Была написана Стасовым в последние месяцы его жизни. Критик-боец вновь и вновь со всей страстью обрушивается на упадочное искусство. После поражения революции 1905 года наступление контрреволюции шло и на идеологическом фронте. «Появилась целая орава модных писателей, которые „критиковали“ и „разносили“ марксизм, оплевывали революцию, издевались над ней, воспевали предательство, воспевали половой разврат под видом „культа личности“ („История ВКП(б). Краткий курс“, стр. 96–97). Декадентство, безидейность, формализм получают в эту пору большое развитие. „Из истории русской литературы мы знаем, что не раз и не два реакционные литературные течения, к которым относились и символисты, и акмеисты, пытались объявлять походы против великих революционно-демократических традиций русской литературы, против ее передовых представителей; пытались лишить литературу ее высокого, идейного и общественного значения, низвести ее в болото безидейности и пошлости.
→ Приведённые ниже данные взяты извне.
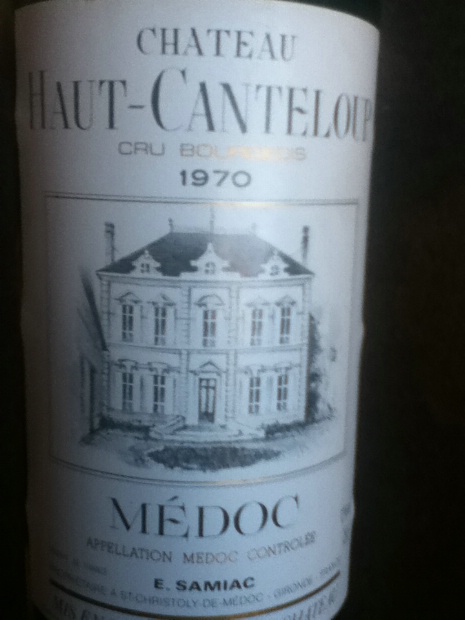 Chateau Haut-Canteloup 1970 Médoc 1970 Château Haut-Canteloup Médoc - CellarTracker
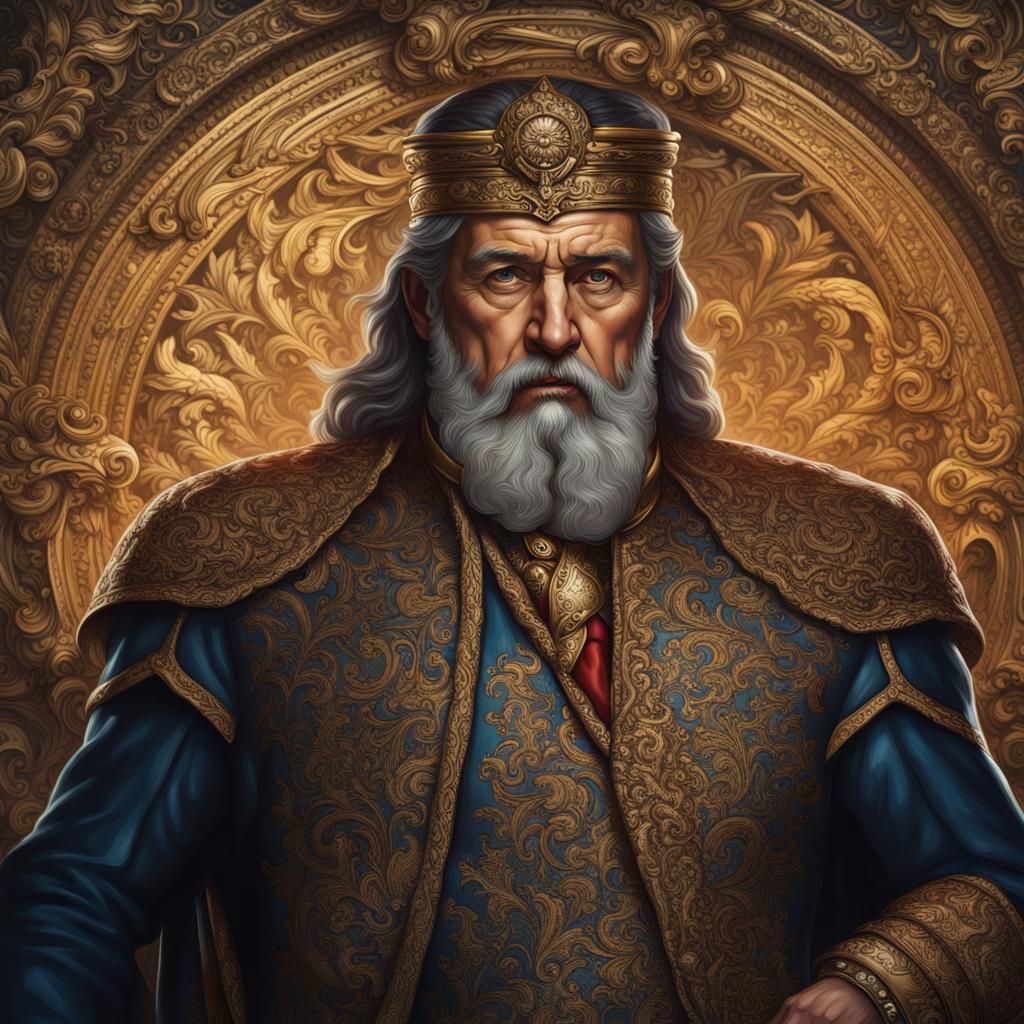 Powerful Man: Dramatic 8k Resolution Portrait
Все эти „модные“ течения канули в Лету и были сброшены в прошлое вместе с теми классами, идеологию которых они отражали. Все эти символисты, акмеисты, „желтые кофты“, „бубновые валеты“, „ничевоки“, — что от них осталось в нашей родной русской, советской литературе? Ровным счетом ничего, хотя их походы против великих представителей русской революционно-демократической литературы — Белинского, Добролюбова, Чернышевского, Герцена, Салтыкова-Щедрина — задумывались с большим шумом и претенциозностью и с таким же эффектом проваливались“ („Доклад т. Жданова о журналах „Звезда“ и „Ленинград“. Госполитиздат, 1946, стр. 15). В живописи, говорил товарищ Жданов об этом периоде, буржуазные влияния „выступали сплошь и рядом под самым «левым» флагом, нацепляли себе клички футуризма, кубизма, модернизма; «ниспровергали» «прогнивший академизм», провозглашали новаторство. Это новаторство выражалось в сумасшедшей возне, когда рисовали, к примеру, девушку с одной головой на сорока ногах, один глаз — на нас, а другой — в Арзамас («Совещание деятелей советской музыки в ЦК ВКП(б), Изд-во „Правда“, М., 1948, стр. 141).